An exact copy of the entries, with every picture omitted, is what is needed here.

▶ **RECORDS**
☆ ☆ ☆ ☆

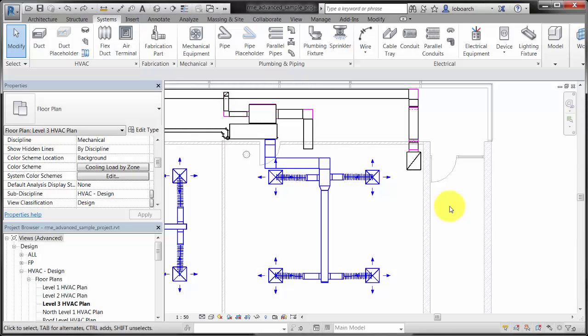This video demonstrates how creating systems in Revit is a key step in automatically generating layouts, sizing duct and pipe, and performing calculations and analysis in the design.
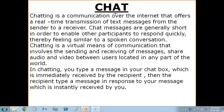Hello children, in this video we will discuss what is chat. Chatting is a communication over the internet that offers real-time transmission of text messages from sender to a receiver. Chatting is a communication we do on the internet, and it is real-time communication.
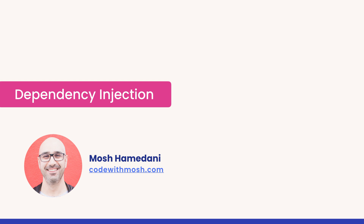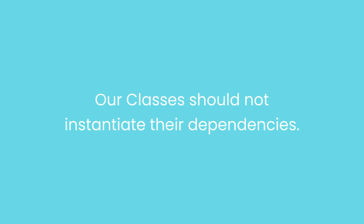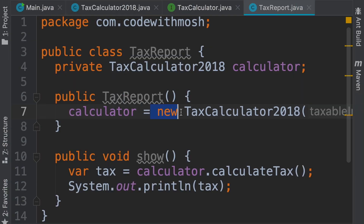In this video we're going to talk about a very important concept in object oriented programming called dependency injection. According to this concept, our classes should not instantiate or new up their dependencies. So here our report class is instantiating this calculator, and this is something we need to change. Because the dependency injection principle says, this report class should not worry about creating the calculator object. It should only use it. Creating a calculator object and using it are two different concerns and we need to separate them.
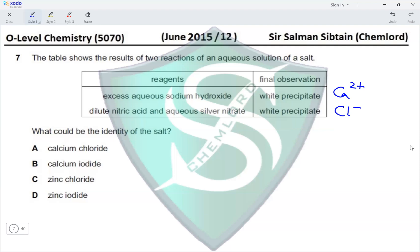Checking the options: calcium chloride — yes; calcium iodide — no; zinc chloride — no; zinc iodide — no. This makes option A the correct answer for this question.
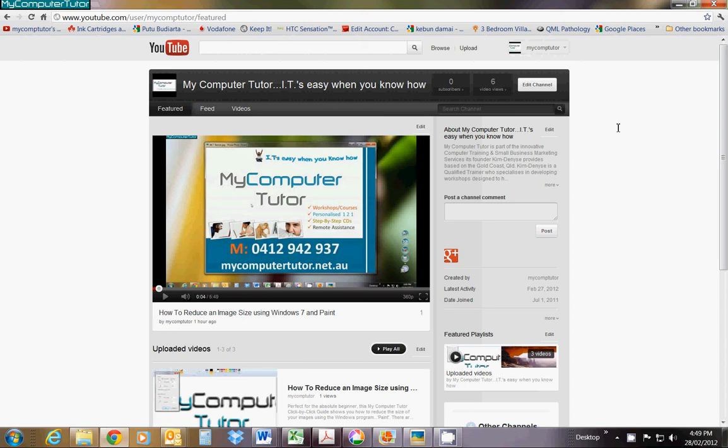So your YouTube channel looks a bit boring and bland. You would like to add a photo behind it.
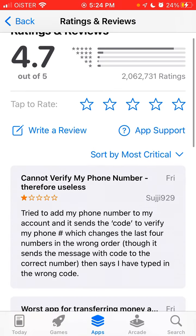So yeah, that's some kind of an issue. It seems the text message is arriving to the phone number, but then the content of that message is not correct.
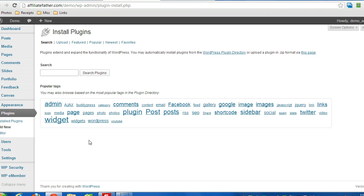Hey everyone, in this video I'm going to install the email broadcast add-on for the WP eMember plugin.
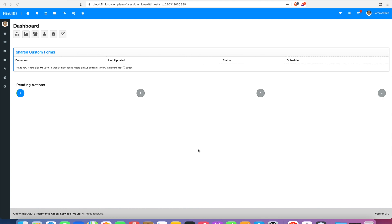This is the initial dashboard of the application. The main navigation menu is at the top, next to the Flink ISO logo.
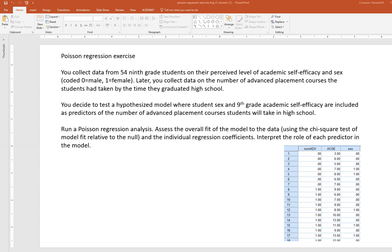In this video we're going to cover a Poisson regression exercise. The scenario is: you collect data from 54 ninth grade students on their perceived level of academic self-efficacy and sex, coded zero for male and one for female. Later you collect data on the number of advanced placement courses the students had taken by the time they graduated high school. You decide to test a hypothesized model where student sex and ninth grade academic self-efficacy are included as predictors of the number of advanced placement courses students would take in high school.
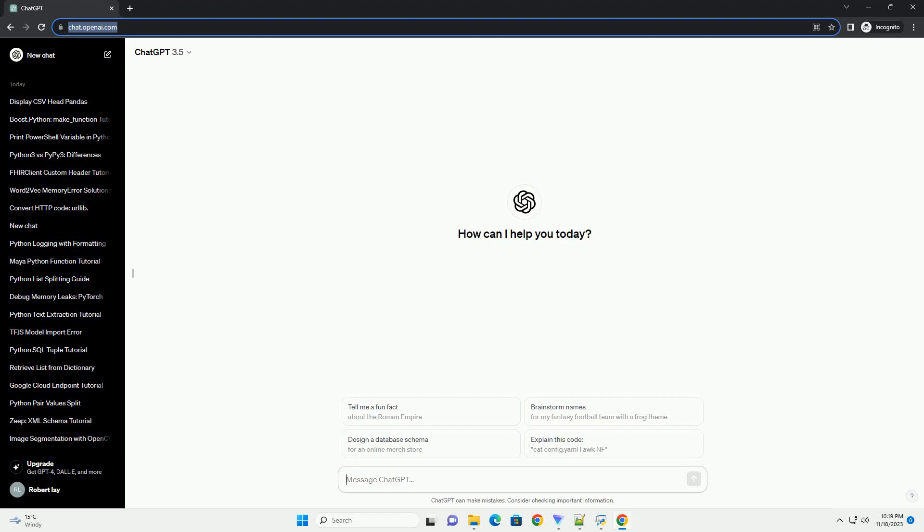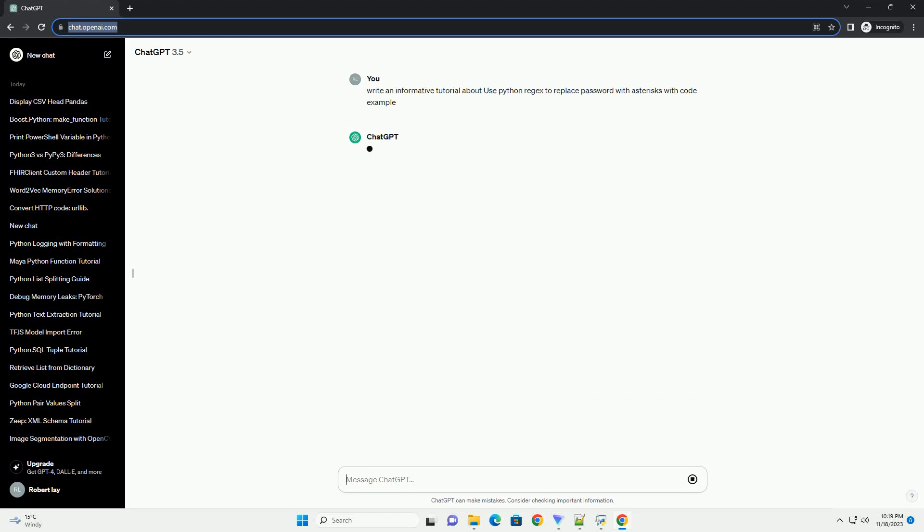Please subscribe and you can download this code from description below. Title: using Python regex to replace password with asterisks, a tutorial.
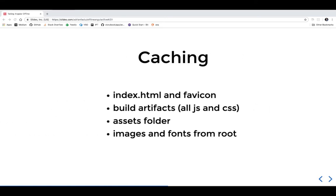What gets cached by default? All the important files will be cached: index.html, the favicon, all the build artifacts - all JS files, all CSS files. Everything you put in your assets folder will be cached, and everything in root like fonts or images. Until you deploy a new version, all requests from your browser for these files will go to the service worker and the cache.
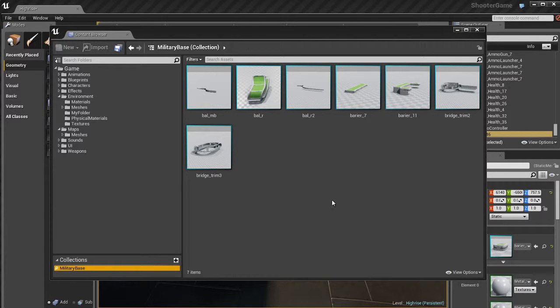So that's pretty much going to do it for the Content Browser. I encourage you to go in there, start using it, and get used to it. The Content Browser is extremely useful, and you will be using it most of the time while working inside of Unreal.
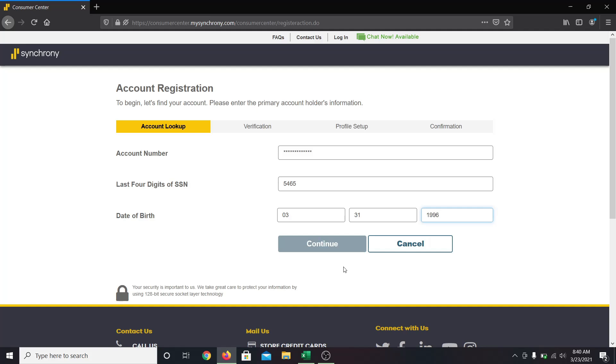Now click on the continue button and when your information has been verified, you will be able to set up your profile, including your username and your password.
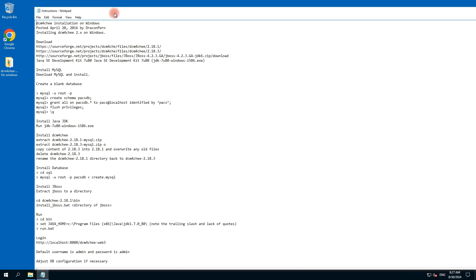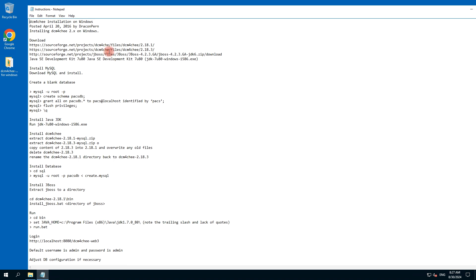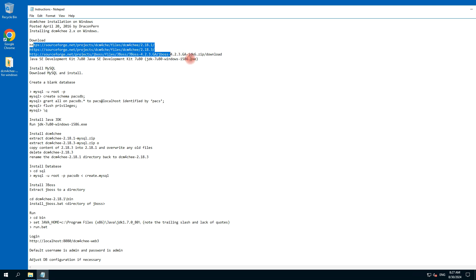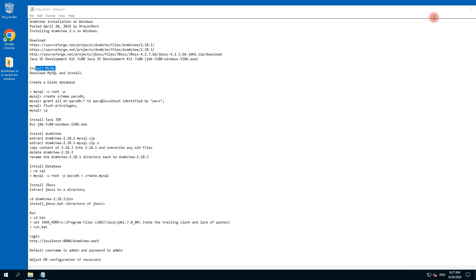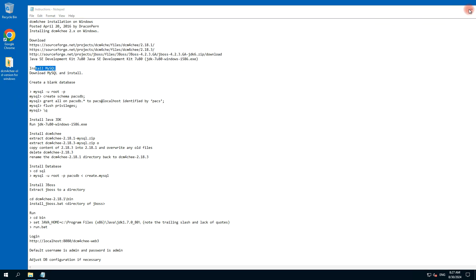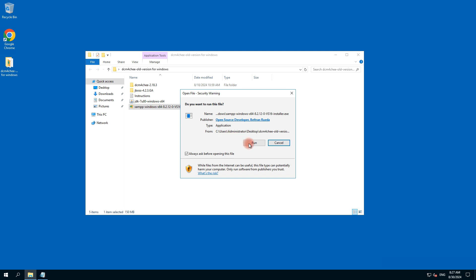First of all you need to download these projects — but I have already compressed these projects. So let's start with installing MySQL. To install MySQL independently, it's better to install the XAMPP server, so let's start the XAMPP server.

☆ ☆ ☆ ☆

▶ **RESPONSE TO THE EXERCISE**
This video demonstrates how creating systems in Revit is a key step in automatically generating layouts, sizing duct and pipe, and performing calculations and analysis in the design.
Hello children, in this video we will discuss what is chat. Chatting is a communication over the internet that offers real-time transmission of text messages from sender to a receiver. Chatting is a communication we do on the internet, and it is real-time communication.
In this video we're going to talk about a very important concept in object oriented programming called dependency injection. According to this concept, our classes should not instantiate or new up their dependencies. So here our report class is instantiating this calculator, and this is something we need to change. Because the dependency injection principle says, this report class should not worry about creating the calculator object. It should only use it. Creating a calculator object and using it are two different concerns and we need to separate them.
Checking the options: calcium chloride — yes; calcium iodide — no; zinc chloride — no; zinc iodide — no. This makes option A the correct answer for this question.
So your YouTube channel looks a bit boring and bland. You would like to add a photo behind it.
So yeah, that's some kind of an issue. It seems the text message is arriving to the phone number, but then the content of that message is not correct.
Hey everyone, in this video I'm going to install the email broadcast add-on for the WP eMember plugin.
This is the initial dashboard of the application. The main navigation menu is at the top, next to the Flink ISO logo.
In this video we're going to cover a Poisson regression exercise. The scenario is: you collect data from 54 ninth grade students on their perceived level of academic self-efficacy and sex, coded zero for male and one for female. Later you collect data on the number of advanced placement courses the students had taken by the time they graduated high school. You decide to test a hypothesized model where student sex and ninth grade academic self-efficacy are included as predictors of the number of advanced placement courses students would take in high school.
Please subscribe and you can download this code from description below. Title: using Python regex to replace password with asterisks, a tutorial.
What gets cached by default? All the important files will be cached: index.html, the favicon, all the build artifacts - all JS files, all CSS files. Everything you put in your assets folder will be cached, and everything in root like fonts or images. Until you deploy a new version, all requests from your browser for these files will go to the service worker and the cache.
So that's pretty much going to do it for the Content Browser. I encourage you to go in there, start using it, and get used to it. The Content Browser is extremely useful, and you will be using it most of the time while working inside of Unreal.
Now click on the continue button and when your information has been verified, you will be able to set up your profile, including your username and your password.
First of all you need to download these projects — but I have already compressed these projects. So let's start with installing MySQL. To install MySQL independently, it's better to install the XAMPP server, so let's start the XAMPP server.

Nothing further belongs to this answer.